#### Dataset extract
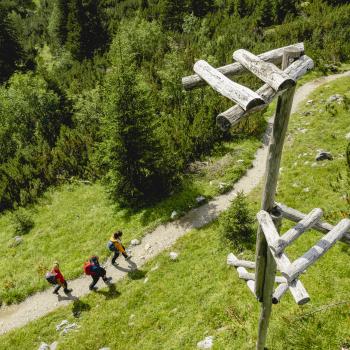 Auf besonderen Wegen durch das Montafon Neues Wanderwegekonzept „Alpenmosaik Montafon“ - (c) Stefan Kothner/Vorarlberg Tourismus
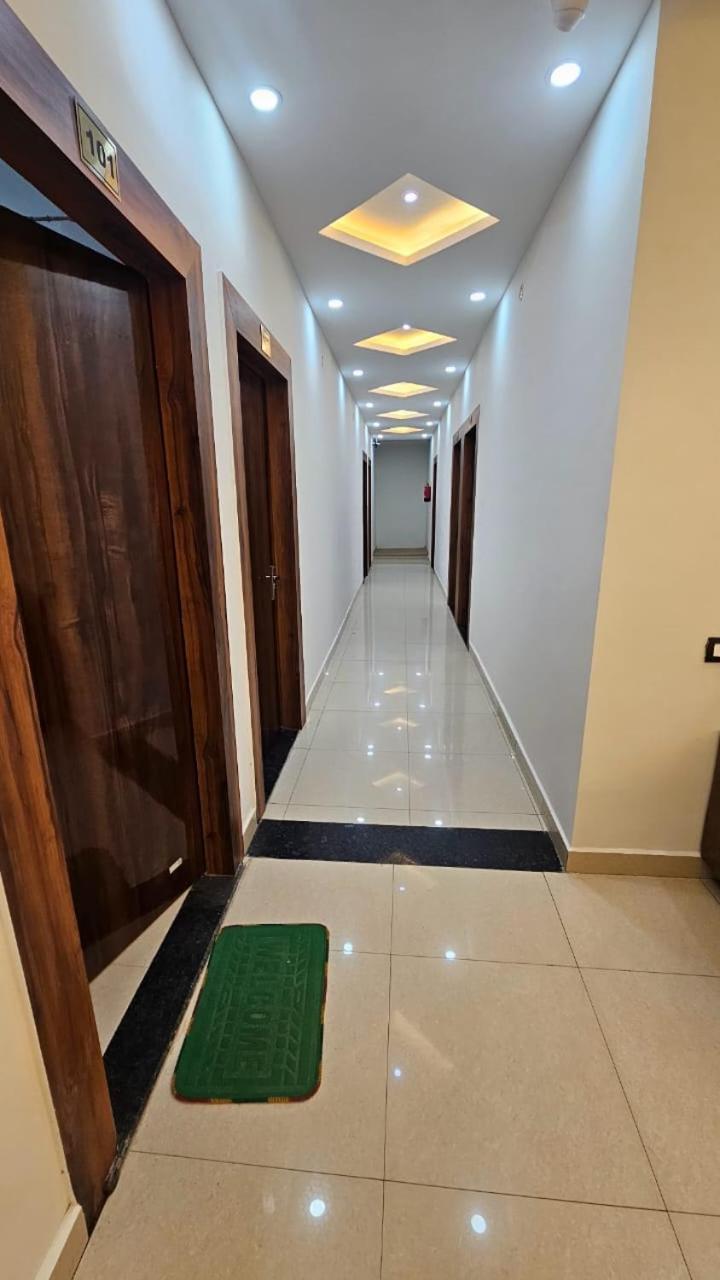 Raghav Hotel Ayodhya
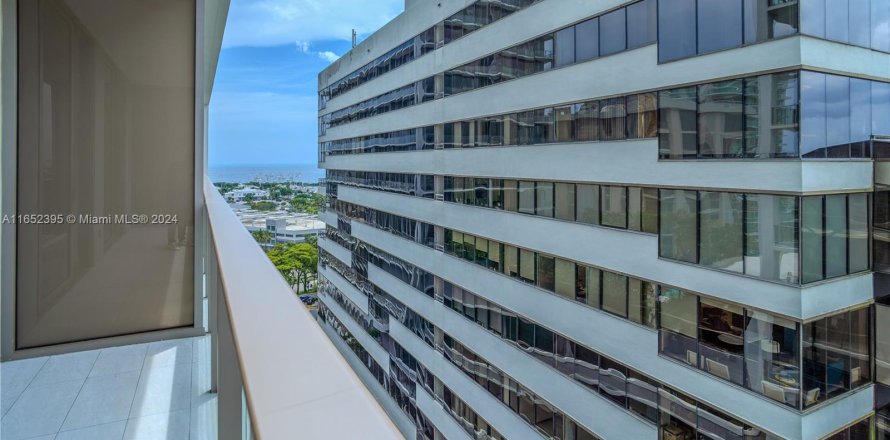 Condo in Miami, Florida, 1 bedroom  № 1345734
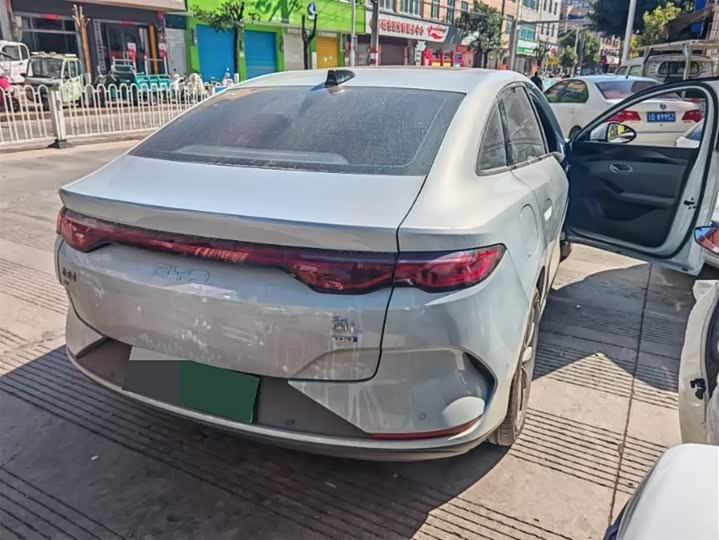 Фото 2 - BYD Qin L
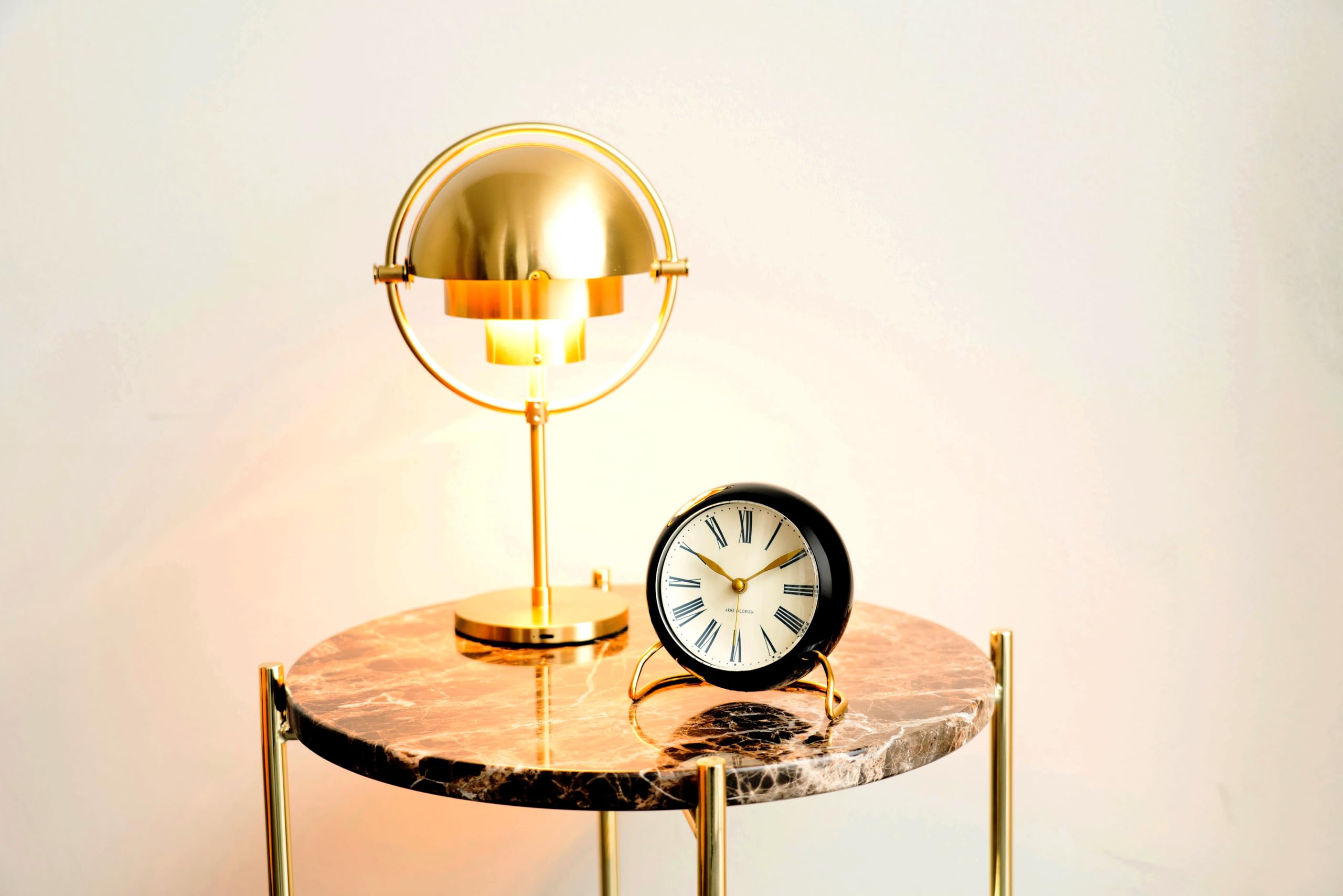 Amazon.co.jp: ARNE JACOBSEN 置き時計 目覚まし時計 11cm 北欧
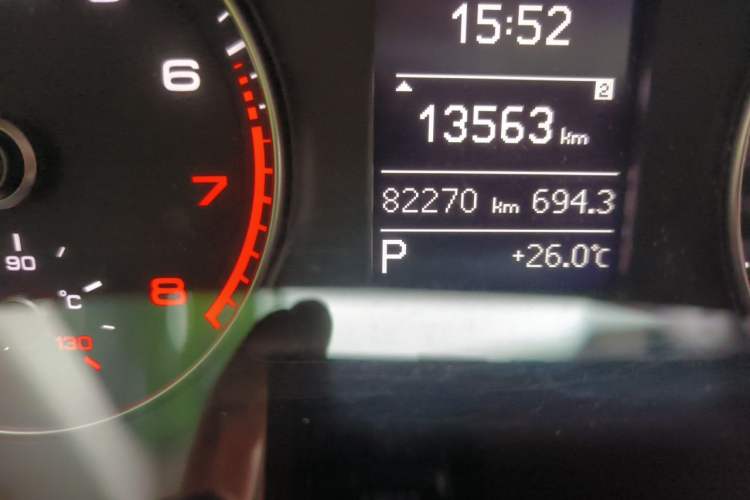 Used Audi Q3 2016 30 TFSI Fashion Model Odometer Close Up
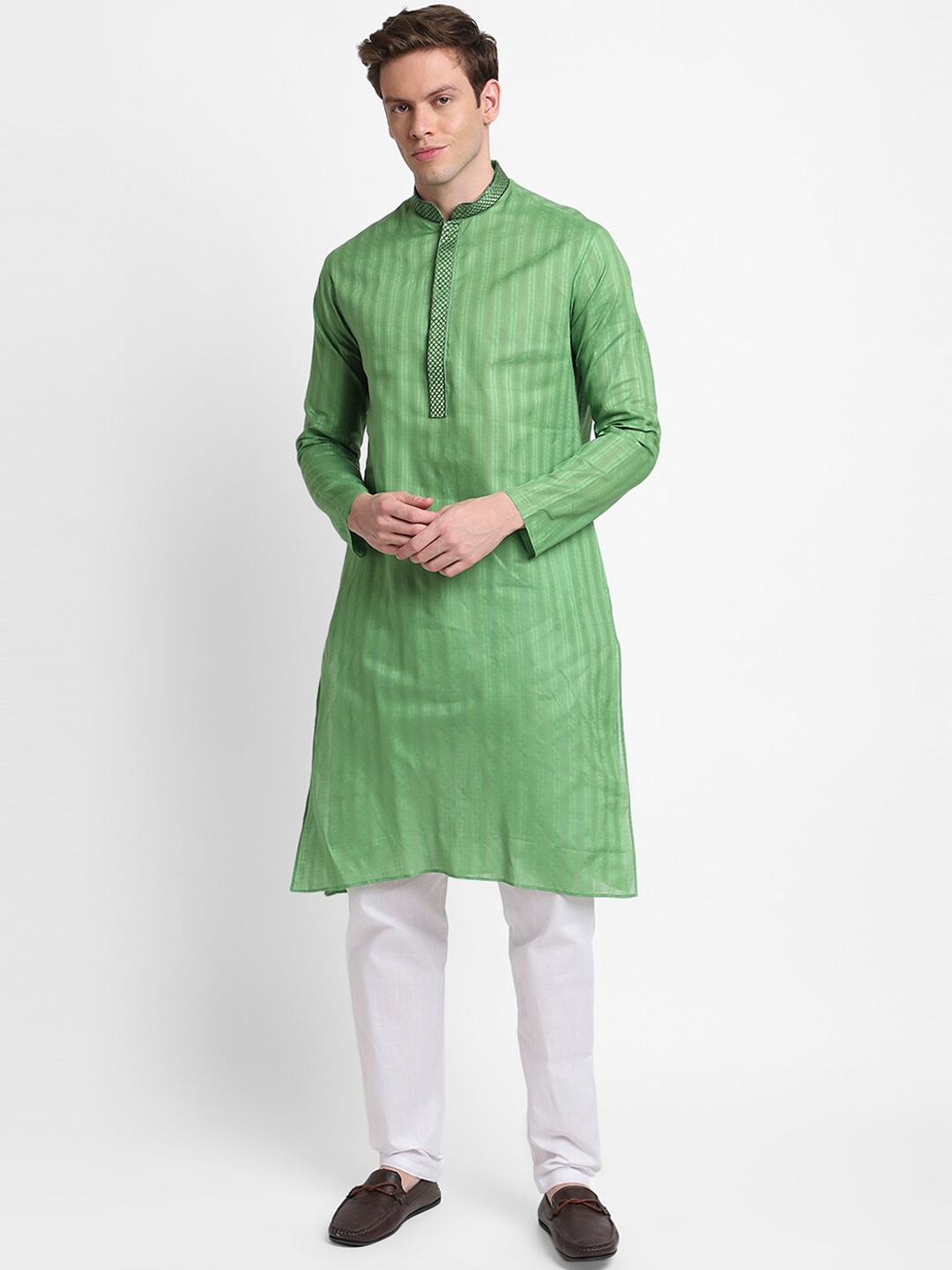 

DEVOILER Men Green Striped Pure Cotton Kurta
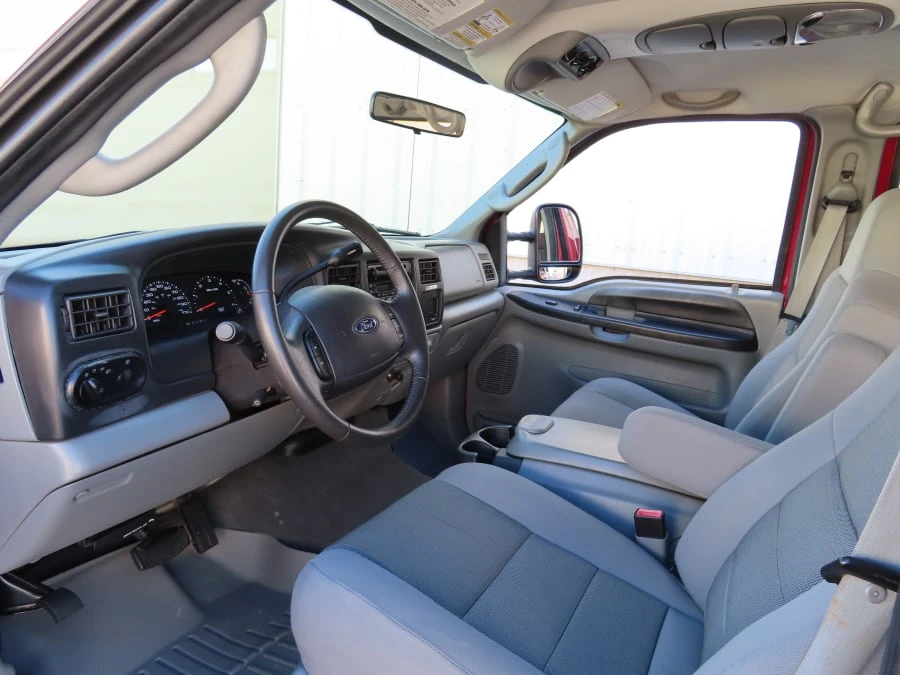 2005 Ford Excursion - Image 28 of 31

#### Action item
Omit the pictures and return exactly the lines from the line containing "Фото 2 - BYD Qin L" through the final line of the material above, both ends included.

#### Exercise answer
 Фото 2 - BYD Qin L
 Amazon.co.jp: ARNE JACOBSEN 置き時計 目覚まし時計 11cm 北欧
 Used Audi Q3 2016 30 TFSI Fashion Model Odometer Close Up

DEVOILER Men Green Striped Pure Cotton Kurta
 2005 Ford Excursion - Image 28 of 31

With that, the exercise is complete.